Searching by titles 🔎
What if the user searches an episode not by tag, not by id, just by title or a partial title? Remember that section that you TOTALLY didn’t skip, well we’ll break every rule in the book for learning purposes.
You see, the thing is we didn’t store the episodes by it’s title so the only way we have to know if a term is inside a title is by looping through all the episodes.
Yep that doesn’t spark joy to me ✨🥹. But we’ll do it anyways.
Here’s the code
for (id, episode) in state.episodes_by_id.iter() {
if results.contains(episode) {
continue;
}
let episode_id = id.to_string();
if terms.contains(&episode_id)
|| terms
.iter()
.any(|term| episode.title.to_lowercase().contains(term))
{
results.insert(episode.clone());
}
}
But this time is different
- Most of the episodes are already on the search results
Set
- Loops
n
times, wheren
is the number of episodes and notn
* number of tags
Ranking system
With our search engine in a functional state, the only thing left to do is to return the search results. But before doing that we need to figure out a way to sort the results, a ranking system you want. Keep in mind that some episodes suit better the search terms than others.

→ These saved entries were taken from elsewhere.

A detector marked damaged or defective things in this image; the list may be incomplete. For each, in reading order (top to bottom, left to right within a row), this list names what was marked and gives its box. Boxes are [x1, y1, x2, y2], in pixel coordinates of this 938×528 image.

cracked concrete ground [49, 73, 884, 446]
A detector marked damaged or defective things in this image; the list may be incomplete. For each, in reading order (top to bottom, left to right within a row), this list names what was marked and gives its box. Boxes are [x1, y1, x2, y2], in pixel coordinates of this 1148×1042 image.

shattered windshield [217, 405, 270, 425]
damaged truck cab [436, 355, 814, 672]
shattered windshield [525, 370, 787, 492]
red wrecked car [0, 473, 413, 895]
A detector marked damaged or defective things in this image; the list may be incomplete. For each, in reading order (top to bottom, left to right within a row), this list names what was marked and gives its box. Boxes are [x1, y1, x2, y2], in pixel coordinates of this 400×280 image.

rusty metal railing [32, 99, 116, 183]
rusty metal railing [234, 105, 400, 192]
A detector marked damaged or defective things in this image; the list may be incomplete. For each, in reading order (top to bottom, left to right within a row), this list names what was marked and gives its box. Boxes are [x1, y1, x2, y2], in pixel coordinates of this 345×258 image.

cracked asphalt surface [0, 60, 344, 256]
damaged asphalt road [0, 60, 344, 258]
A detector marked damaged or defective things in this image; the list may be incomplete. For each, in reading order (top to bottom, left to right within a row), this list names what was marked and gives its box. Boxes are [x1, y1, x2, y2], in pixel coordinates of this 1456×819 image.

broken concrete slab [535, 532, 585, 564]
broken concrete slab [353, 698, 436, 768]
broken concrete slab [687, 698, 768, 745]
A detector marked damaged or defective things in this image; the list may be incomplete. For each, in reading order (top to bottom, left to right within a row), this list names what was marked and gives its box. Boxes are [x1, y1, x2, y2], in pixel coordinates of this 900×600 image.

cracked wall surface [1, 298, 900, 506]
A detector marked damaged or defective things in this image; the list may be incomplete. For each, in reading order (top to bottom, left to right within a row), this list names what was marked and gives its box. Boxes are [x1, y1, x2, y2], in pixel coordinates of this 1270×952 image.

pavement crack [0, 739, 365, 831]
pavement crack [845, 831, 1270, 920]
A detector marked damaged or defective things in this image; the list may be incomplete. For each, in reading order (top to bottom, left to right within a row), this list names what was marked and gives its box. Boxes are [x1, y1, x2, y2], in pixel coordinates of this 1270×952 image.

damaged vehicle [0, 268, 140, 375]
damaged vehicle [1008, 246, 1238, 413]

For that purpose I arbitrarily decided to give 50 points for every search term that matched a tag and 100 points for every search term that matched the title.
The code for the ranking system:
let mut results_with_score: Vec<_> = results
.iter()
.map(|episode| {
let mut score = episode.tags.iter().fold(0, |acc, tag| {
// scores for tag
acc + if terms.contains(tag) || terms.iter().any(|term| tag.contains(term)) {
50
} else {
0
}
});
// scores for title
score += terms.iter().fold(0, |acc, term| {
acc + if episode.title.to_lowercase().contains(term) {
100
} else {
0
}
});
(score, episode)
})
.collect();
We iterate over the results, we map every episode tag to a score, 50 if the tag matches the search term else 0. After that we iterate over the search terms, we map every episode title to a score, 100 if there’s a match else 0. At the end we return a tuple of score and episode. And with that. We can Finally return the search results to the user:
Optimizations that I’m planning to add
Searching partial tags
Now. What if we only get partial tags from the user?
For instance:
query("do dir");
// do -> [docker, docker-compose, dotnet, dos, download]
// dir -> [directory, direnv, dirty, directx, dirk, disc]
In order to quickly search the beginning of a tag we could ask for help to our friends, the trees. You know they’re green and tall, they release oxygen. And for some reason people have a tendency to invert them.
But now we search for the do keyword:
keyword: "do"
(do)
/ \
(docker) (dot)
/ \
(docker compose) (dotnet)
Text editors autocomplete words using a similar trick. (I can’t remember the name of it. Sorry)
We use a binary tree to store partial tags, which means we reduce the amount of tags we have to loop through.
The exclude operator
ubuntu -"arch linux" # exclude "arch linux" (but not the term linux) from search results
fedora -nixos # exclude nixos from search results
Conclusions
- Thinking about the shape of the data we’re dealing with is part of the job and can make thing easier.
- Building things yourself can be a good learning exercise.
- The shape of the loop matters.
- There’s always room for improvement.